Exact repetition of the data is the whole task.

▶ [Information provided]:
┌────────

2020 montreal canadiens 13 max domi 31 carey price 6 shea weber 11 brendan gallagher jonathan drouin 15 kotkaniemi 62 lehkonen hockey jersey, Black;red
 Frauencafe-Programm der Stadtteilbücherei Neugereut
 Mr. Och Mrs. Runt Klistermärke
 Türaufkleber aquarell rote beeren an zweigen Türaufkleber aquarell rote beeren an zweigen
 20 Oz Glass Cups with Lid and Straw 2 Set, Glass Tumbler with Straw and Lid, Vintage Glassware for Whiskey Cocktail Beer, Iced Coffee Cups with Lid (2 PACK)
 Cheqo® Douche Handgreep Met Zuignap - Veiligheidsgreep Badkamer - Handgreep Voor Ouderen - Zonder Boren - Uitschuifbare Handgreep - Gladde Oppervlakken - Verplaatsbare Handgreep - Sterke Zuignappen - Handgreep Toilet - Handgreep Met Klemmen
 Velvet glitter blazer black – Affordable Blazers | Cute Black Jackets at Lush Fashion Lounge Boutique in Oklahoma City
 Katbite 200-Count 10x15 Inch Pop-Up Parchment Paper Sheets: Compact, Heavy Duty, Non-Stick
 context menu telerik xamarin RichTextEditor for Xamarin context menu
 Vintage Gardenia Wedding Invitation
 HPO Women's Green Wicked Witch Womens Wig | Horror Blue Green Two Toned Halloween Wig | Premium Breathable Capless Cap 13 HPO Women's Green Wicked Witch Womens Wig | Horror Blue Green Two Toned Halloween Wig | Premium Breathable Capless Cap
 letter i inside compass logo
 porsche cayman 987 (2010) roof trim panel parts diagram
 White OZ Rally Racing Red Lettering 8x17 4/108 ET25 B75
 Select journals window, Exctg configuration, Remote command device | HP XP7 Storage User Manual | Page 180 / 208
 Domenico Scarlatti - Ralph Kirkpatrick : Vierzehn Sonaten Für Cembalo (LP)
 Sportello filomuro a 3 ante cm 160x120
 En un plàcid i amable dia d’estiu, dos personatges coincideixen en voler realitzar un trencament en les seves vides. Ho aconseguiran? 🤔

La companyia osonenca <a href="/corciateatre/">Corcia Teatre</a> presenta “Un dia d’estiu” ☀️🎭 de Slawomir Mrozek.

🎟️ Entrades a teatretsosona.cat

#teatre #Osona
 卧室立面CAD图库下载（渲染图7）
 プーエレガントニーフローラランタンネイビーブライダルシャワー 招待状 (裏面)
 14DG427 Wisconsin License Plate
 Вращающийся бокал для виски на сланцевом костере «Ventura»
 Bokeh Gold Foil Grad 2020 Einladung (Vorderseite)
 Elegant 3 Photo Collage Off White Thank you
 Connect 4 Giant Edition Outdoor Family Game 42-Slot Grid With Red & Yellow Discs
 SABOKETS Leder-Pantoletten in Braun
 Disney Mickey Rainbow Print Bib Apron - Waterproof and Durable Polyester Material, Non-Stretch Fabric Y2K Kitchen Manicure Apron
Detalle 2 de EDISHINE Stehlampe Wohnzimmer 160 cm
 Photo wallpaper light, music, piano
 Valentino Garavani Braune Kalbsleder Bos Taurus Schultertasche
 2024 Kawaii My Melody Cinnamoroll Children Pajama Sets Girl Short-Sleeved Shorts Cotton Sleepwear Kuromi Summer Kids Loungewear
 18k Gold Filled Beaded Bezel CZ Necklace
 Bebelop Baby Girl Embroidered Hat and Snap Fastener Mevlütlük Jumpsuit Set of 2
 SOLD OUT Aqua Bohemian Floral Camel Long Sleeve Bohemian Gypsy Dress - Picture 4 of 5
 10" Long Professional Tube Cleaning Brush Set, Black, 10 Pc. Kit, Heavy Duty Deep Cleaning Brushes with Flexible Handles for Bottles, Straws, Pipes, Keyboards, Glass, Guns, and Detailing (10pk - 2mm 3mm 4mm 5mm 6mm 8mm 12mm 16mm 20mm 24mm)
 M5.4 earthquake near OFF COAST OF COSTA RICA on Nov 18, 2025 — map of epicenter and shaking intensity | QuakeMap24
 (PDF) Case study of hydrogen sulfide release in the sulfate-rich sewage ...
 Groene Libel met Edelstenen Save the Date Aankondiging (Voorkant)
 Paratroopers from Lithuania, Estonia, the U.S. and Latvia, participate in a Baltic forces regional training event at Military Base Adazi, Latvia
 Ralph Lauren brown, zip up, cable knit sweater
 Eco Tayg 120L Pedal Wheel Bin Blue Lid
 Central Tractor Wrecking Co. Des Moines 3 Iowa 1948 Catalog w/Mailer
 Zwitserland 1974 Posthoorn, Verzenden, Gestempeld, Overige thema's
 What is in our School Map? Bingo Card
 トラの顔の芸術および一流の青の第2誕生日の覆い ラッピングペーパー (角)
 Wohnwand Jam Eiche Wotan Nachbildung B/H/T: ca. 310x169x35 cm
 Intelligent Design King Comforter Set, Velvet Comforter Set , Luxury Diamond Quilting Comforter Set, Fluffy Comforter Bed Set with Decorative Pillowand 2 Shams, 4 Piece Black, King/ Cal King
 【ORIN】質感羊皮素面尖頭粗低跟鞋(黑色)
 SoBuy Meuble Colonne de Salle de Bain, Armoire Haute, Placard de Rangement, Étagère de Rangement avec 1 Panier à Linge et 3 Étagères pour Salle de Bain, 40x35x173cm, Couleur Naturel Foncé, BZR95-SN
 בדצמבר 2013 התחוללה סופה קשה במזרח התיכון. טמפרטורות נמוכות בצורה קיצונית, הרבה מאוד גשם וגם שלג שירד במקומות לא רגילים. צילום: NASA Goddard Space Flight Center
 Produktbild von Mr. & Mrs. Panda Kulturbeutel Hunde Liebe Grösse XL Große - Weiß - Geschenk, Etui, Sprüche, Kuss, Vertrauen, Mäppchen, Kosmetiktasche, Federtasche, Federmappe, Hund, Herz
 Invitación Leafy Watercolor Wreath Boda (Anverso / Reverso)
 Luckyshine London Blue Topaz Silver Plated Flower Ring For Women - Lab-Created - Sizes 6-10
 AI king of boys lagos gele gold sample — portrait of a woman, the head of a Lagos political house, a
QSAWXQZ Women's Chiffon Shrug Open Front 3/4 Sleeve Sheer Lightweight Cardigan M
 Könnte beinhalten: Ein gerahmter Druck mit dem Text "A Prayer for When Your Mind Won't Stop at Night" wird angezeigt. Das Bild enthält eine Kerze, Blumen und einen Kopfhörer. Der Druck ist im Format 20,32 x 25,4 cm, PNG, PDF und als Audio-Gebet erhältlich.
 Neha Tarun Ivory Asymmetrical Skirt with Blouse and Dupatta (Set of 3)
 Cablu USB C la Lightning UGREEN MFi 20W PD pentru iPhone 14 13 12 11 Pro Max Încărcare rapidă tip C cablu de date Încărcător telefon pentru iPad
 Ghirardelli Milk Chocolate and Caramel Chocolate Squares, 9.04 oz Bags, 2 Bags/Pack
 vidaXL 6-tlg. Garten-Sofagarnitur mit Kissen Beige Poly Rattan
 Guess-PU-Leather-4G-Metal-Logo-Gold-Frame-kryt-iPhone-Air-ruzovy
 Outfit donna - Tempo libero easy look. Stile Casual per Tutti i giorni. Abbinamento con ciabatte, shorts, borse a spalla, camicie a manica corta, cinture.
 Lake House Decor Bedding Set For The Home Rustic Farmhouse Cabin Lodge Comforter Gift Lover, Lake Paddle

└────────

▶ [Response]:
2020 montreal canadiens 13 max domi 31 carey price 6 shea weber 11 brendan gallagher jonathan drouin 15 kotkaniemi 62 lehkonen hockey jersey, Black;red
 Frauencafe-Programm der Stadtteilbücherei Neugereut
 Mr. Och Mrs. Runt Klistermärke
 Türaufkleber aquarell rote beeren an zweigen Türaufkleber aquarell rote beeren an zweigen
 20 Oz Glass Cups with Lid and Straw 2 Set, Glass Tumbler with Straw and Lid, Vintage Glassware for Whiskey Cocktail Beer, Iced Coffee Cups with Lid (2 PACK)
 Cheqo® Douche Handgreep Met Zuignap - Veiligheidsgreep Badkamer - Handgreep Voor Ouderen - Zonder Boren - Uitschuifbare Handgreep - Gladde Oppervlakken - Verplaatsbare Handgreep - Sterke Zuignappen - Handgreep Toilet - Handgreep Met Klemmen
 Velvet glitter blazer black – Affordable Blazers | Cute Black Jackets at Lush Fashion Lounge Boutique in Oklahoma City
 Katbite 200-Count 10x15 Inch Pop-Up Parchment Paper Sheets: Compact, Heavy Duty, Non-Stick
 context menu telerik xamarin RichTextEditor for Xamarin context menu
 Vintage Gardenia Wedding Invitation
 HPO Women's Green Wicked Witch Womens Wig | Horror Blue Green Two Toned Halloween Wig | Premium Breathable Capless Cap 13 HPO Women's Green Wicked Witch Womens Wig | Horror Blue Green Two Toned Halloween Wig | Premium Breathable Capless Cap
 letter i inside compass logo
 porsche cayman 987 (2010) roof trim panel parts diagram
 White OZ Rally Racing Red Lettering 8x17 4/108 ET25 B75
 Select journals window, Exctg configuration, Remote command device | HP XP7 Storage User Manual | Page 180 / 208
 Domenico Scarlatti - Ralph Kirkpatrick : Vierzehn Sonaten Für Cembalo (LP)
 Sportello filomuro a 3 ante cm 160x120
 En un plàcid i amable dia d’estiu, dos personatges coincideixen en voler realitzar un trencament en les seves vides. Ho aconseguiran? 🤔

La companyia osonenca <a href="/corciateatre/">Corcia Teatre</a> presenta “Un dia d’estiu” ☀️🎭 de Slawomir Mrozek.

🎟️ Entrades a teatretsosona.cat

#teatre #Osona
 卧室立面CAD图库下载（渲染图7）
 プーエレガントニーフローラランタンネイビーブライダルシャワー 招待状 (裏面)
 14DG427 Wisconsin License Plate
 Вращающийся бокал для виски на сланцевом костере «Ventura»
 Bokeh Gold Foil Grad 2020 Einladung (Vorderseite)
 Elegant 3 Photo Collage Off White Thank you
 Connect 4 Giant Edition Outdoor Family Game 42-Slot Grid With Red & Yellow Discs
 SABOKETS Leder-Pantoletten in Braun
 Disney Mickey Rainbow Print Bib Apron - Waterproof and Durable Polyester Material, Non-Stretch Fabric Y2K Kitchen Manicure Apron
Detalle 2 de EDISHINE Stehlampe Wohnzimmer 160 cm
 Photo wallpaper light, music, piano
 Valentino Garavani Braune Kalbsleder Bos Taurus Schultertasche
 2024 Kawaii My Melody Cinnamoroll Children Pajama Sets Girl Short-Sleeved Shorts Cotton Sleepwear Kuromi Summer Kids Loungewear
 18k Gold Filled Beaded Bezel CZ Necklace
 Bebelop Baby Girl Embroidered Hat and Snap Fastener Mevlütlük Jumpsuit Set of 2
 SOLD OUT Aqua Bohemian Floral Camel Long Sleeve Bohemian Gypsy Dress - Picture 4 of 5
 10" Long Professional Tube Cleaning Brush Set, Black, 10 Pc. Kit, Heavy Duty Deep Cleaning Brushes with Flexible Handles for Bottles, Straws, Pipes, Keyboards, Glass, Guns, and Detailing (10pk - 2mm 3mm 4mm 5mm 6mm 8mm 12mm 16mm 20mm 24mm)
 M5.4 earthquake near OFF COAST OF COSTA RICA on Nov 18, 2025 — map of epicenter and shaking intensity | QuakeMap24
 (PDF) Case study of hydrogen sulfide release in the sulfate-rich sewage ...
 Groene Libel met Edelstenen Save the Date Aankondiging (Voorkant)
 Paratroopers from Lithuania, Estonia, the U.S. and Latvia, participate in a Baltic forces regional training event at Military Base Adazi, Latvia
 Ralph Lauren brown, zip up, cable knit sweater
 Eco Tayg 120L Pedal Wheel Bin Blue Lid
 Central Tractor Wrecking Co. Des Moines 3 Iowa 1948 Catalog w/Mailer
 Zwitserland 1974 Posthoorn, Verzenden, Gestempeld, Overige thema's
 What is in our School Map? Bingo Card
 トラの顔の芸術および一流の青の第2誕生日の覆い ラッピングペーパー (角)
 Wohnwand Jam Eiche Wotan Nachbildung B/H/T: ca. 310x169x35 cm
 Intelligent Design King Comforter Set, Velvet Comforter Set , Luxury Diamond Quilting Comforter Set, Fluffy Comforter Bed Set with Decorative Pillowand 2 Shams, 4 Piece Black, King/ Cal King
 【ORIN】質感羊皮素面尖頭粗低跟鞋(黑色)
 SoBuy Meuble Colonne de Salle de Bain, Armoire Haute, Placard de Rangement, Étagère de Rangement avec 1 Panier à Linge et 3 Étagères pour Salle de Bain, 40x35x173cm, Couleur Naturel Foncé, BZR95-SN
 בדצמבר 2013 התחוללה סופה קשה במזרח התיכון. טמפרטורות נמוכות בצורה קיצונית, הרבה מאוד גשם וגם שלג שירד במקומות לא רגילים. צילום: NASA Goddard Space Flight Center
 Produktbild von Mr. & Mrs. Panda Kulturbeutel Hunde Liebe Grösse XL Große - Weiß - Geschenk, Etui, Sprüche, Kuss, Vertrauen, Mäppchen, Kosmetiktasche, Federtasche, Federmappe, Hund, Herz
 Invitación Leafy Watercolor Wreath Boda (Anverso / Reverso)
 Luckyshine London Blue Topaz Silver Plated Flower Ring For Women - Lab-Created - Sizes 6-10
 AI king of boys lagos gele gold sample — portrait of a woman, the head of a Lagos political house, a
QSAWXQZ Women's Chiffon Shrug Open Front 3/4 Sleeve Sheer Lightweight Cardigan M
 Könnte beinhalten: Ein gerahmter Druck mit dem Text "A Prayer for When Your Mind Won't Stop at Night" wird angezeigt. Das Bild enthält eine Kerze, Blumen und einen Kopfhörer. Der Druck ist im Format 20,32 x 25,4 cm, PNG, PDF und als Audio-Gebet erhältlich.
 Neha Tarun Ivory Asymmetrical Skirt with Blouse and Dupatta (Set of 3)
 Cablu USB C la Lightning UGREEN MFi 20W PD pentru iPhone 14 13 12 11 Pro Max Încărcare rapidă tip C cablu de date Încărcător telefon pentru iPad
 Ghirardelli Milk Chocolate and Caramel Chocolate Squares, 9.04 oz Bags, 2 Bags/Pack
 vidaXL 6-tlg. Garten-Sofagarnitur mit Kissen Beige Poly Rattan
 Guess-PU-Leather-4G-Metal-Logo-Gold-Frame-kryt-iPhone-Air-ruzovy
 Outfit donna - Tempo libero easy look. Stile Casual per Tutti i giorni. Abbinamento con ciabatte, shorts, borse a spalla, camicie a manica corta, cinture.
 Lake House Decor Bedding Set For The Home Rustic Farmhouse Cabin Lodge Comforter Gift Lover, Lake Paddle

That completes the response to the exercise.